(Via Zerohedge)
After nearly a year of testing – plus a few highly publicized practice runs involving reporters from a handful of influential tech media outlets like the New York Times – Amazon will open its small-format Seattle test store, dubbed “Amazon Go” on Monday.
The store will feature cashier-free checkouts, allowing customers who install the “Amazon Go” app to simply pick up an item and walk out with it. The launch was supposed to happen earlier, but was delayed due to bugs, we pointed out late last year.
Details of the shopping experience provided to the mainstream media sound like something wholly different than what consumers are used to…

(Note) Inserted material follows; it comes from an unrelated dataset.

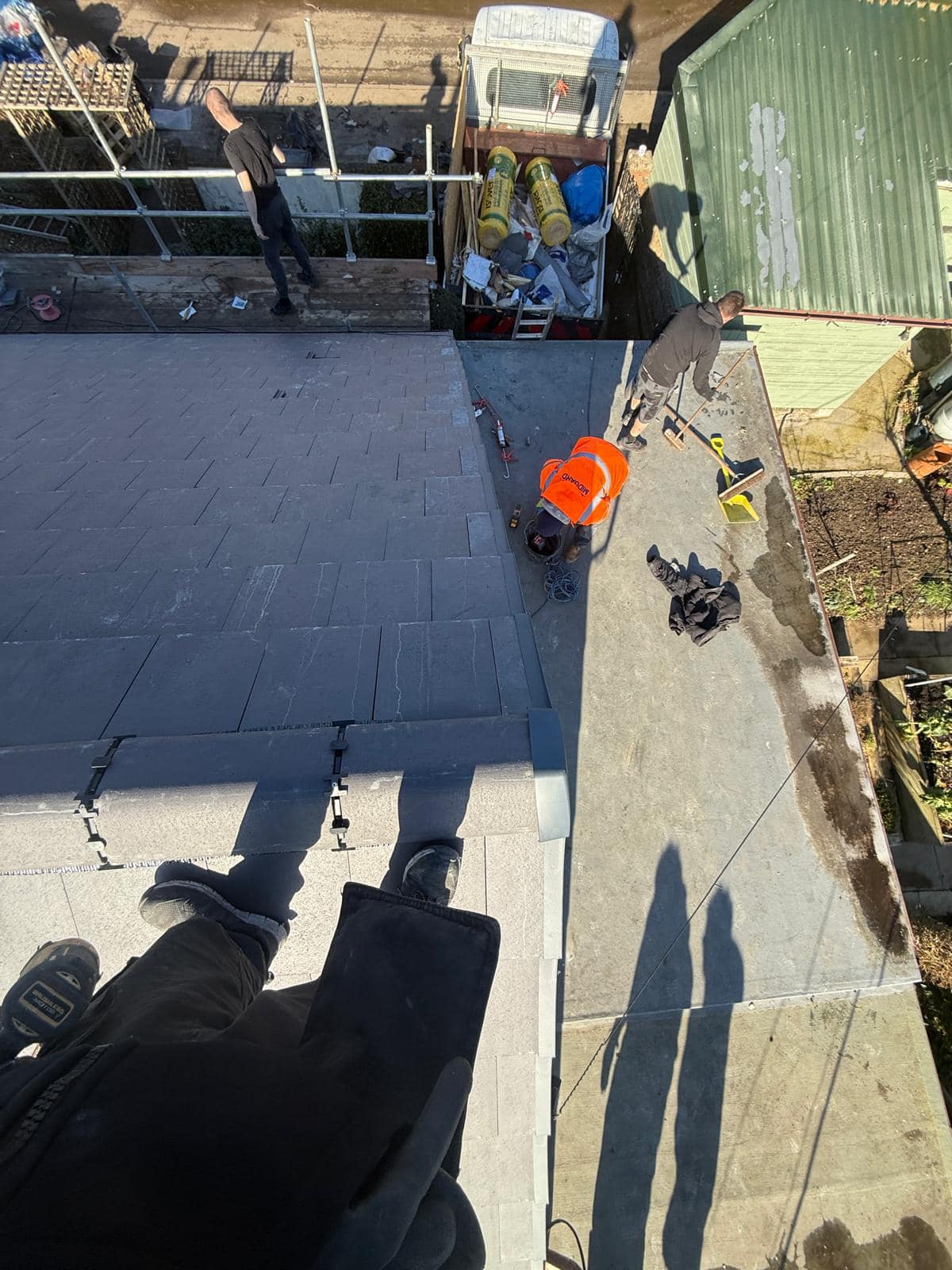 Roof waterproofing in Clapham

The Seattle store, known as Amazon Go, relies on cameras and sensors to track what shoppers remove from the shelves, and what they put back. Cash registers and checkout lines become superfluous – customers are billed after leaving the store using credit cards on file.
For grocers, the store’s opening heralds another potential disruption at the hands of the world’s largest online retailer, which bought high-end supermarket chain Whole Foods Market last year for $13.7 billion. Long lines can deter shoppers, so a company that figures out how to eradicate wait times will have an advantage.
Amazon did not discuss if or when it will add more Go locations, and reiterated it has no plans to add the technology to the larger and more complex Whole Foods stores.
The opening date, Jan. 22, could very well be remembered as a milestone in the history of consumerism, as Reuters pointed out. While many assumed Amazon would quickly adapt the Amazon Go format for use at its Whole Foods stores, the company says it presently has no plans to integrate the technology with WFM.